Famille, je vous hai…me. Penser « l'envers obscur de la modernité »
Résumé
Mayotte. Tahiti. Two islands whose names evoke very different realities and representations. While the latter is associated with the cliché of New Cythera, the former (as recent events confirm) conveys a decidedly contrasting image.
Yet, beyond the postcard or the headlines, the two territories share similarities. Confronted with devastating historical shocks, Mayotte and Tahiti find themselves, in the twenty-first century, living with fractures—memorial, identity, historical, and social—whose multidimensionality is not always captured by sociological studies.

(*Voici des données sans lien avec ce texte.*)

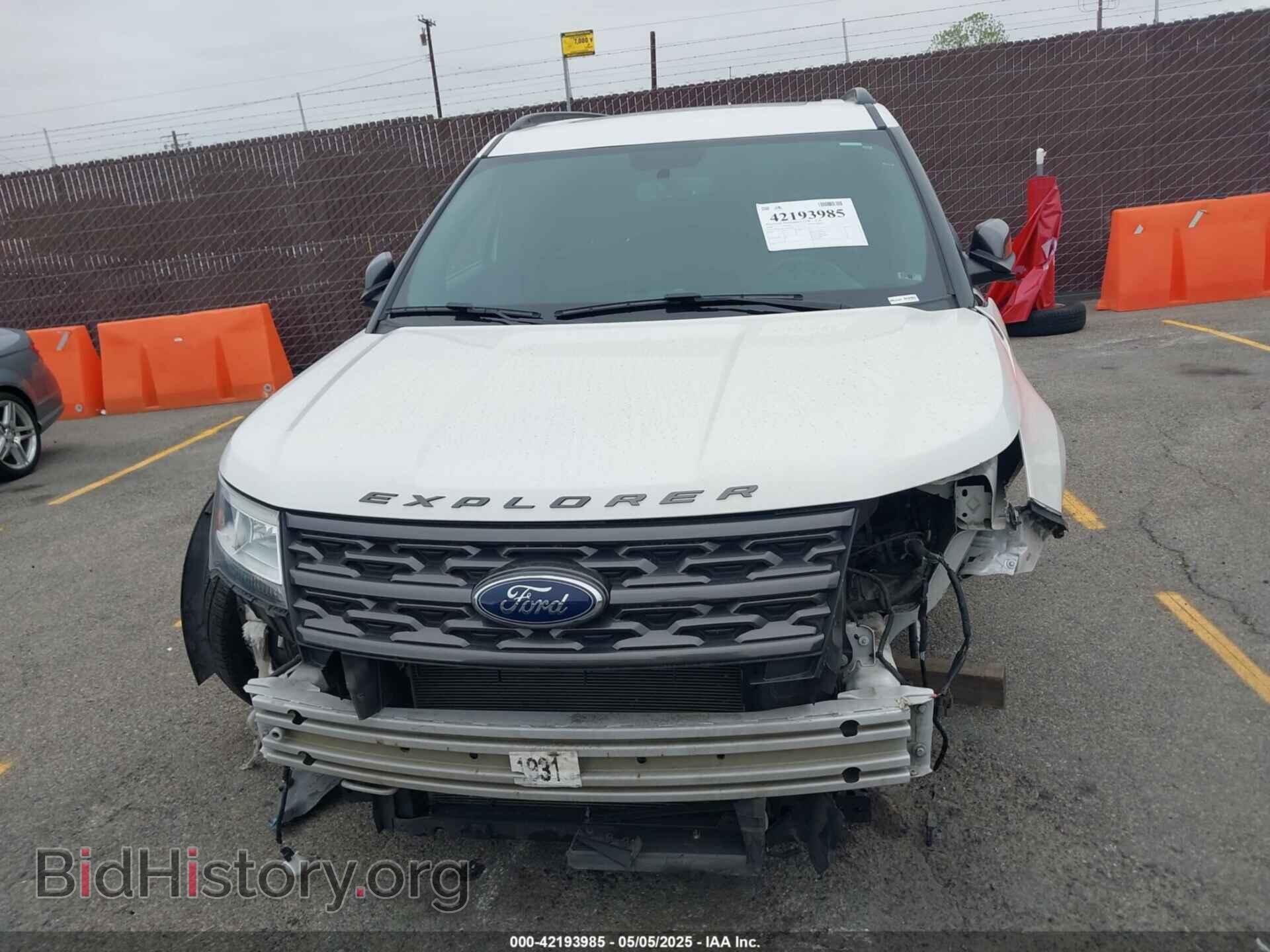 2018 FORD EXPLORER - VIN: 1FM5K7D83JGB65716 - Photo 12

The intertwined paths of Moïse (Tropique de la violence, 2016) and the narrator of Mutismes (2003) reveal lives, families, and hopes shattered against a merciless reality. Both novels are steeped in a climate of dereliction that seems to leave no room for hope. Individuals struggle to resist various pressures (social, political, familial) that constrain them into imposed social roles. As a result, their fragmentation becomes inevitable: the small unit that Marie and Moïse have formed to escape the uncertainties of their tragic personal histories and respective destinies (Tropique de la violence), and the family portrayed in Mutismes, where the inability to communicate drives its members down opposing and irreconcilable paths.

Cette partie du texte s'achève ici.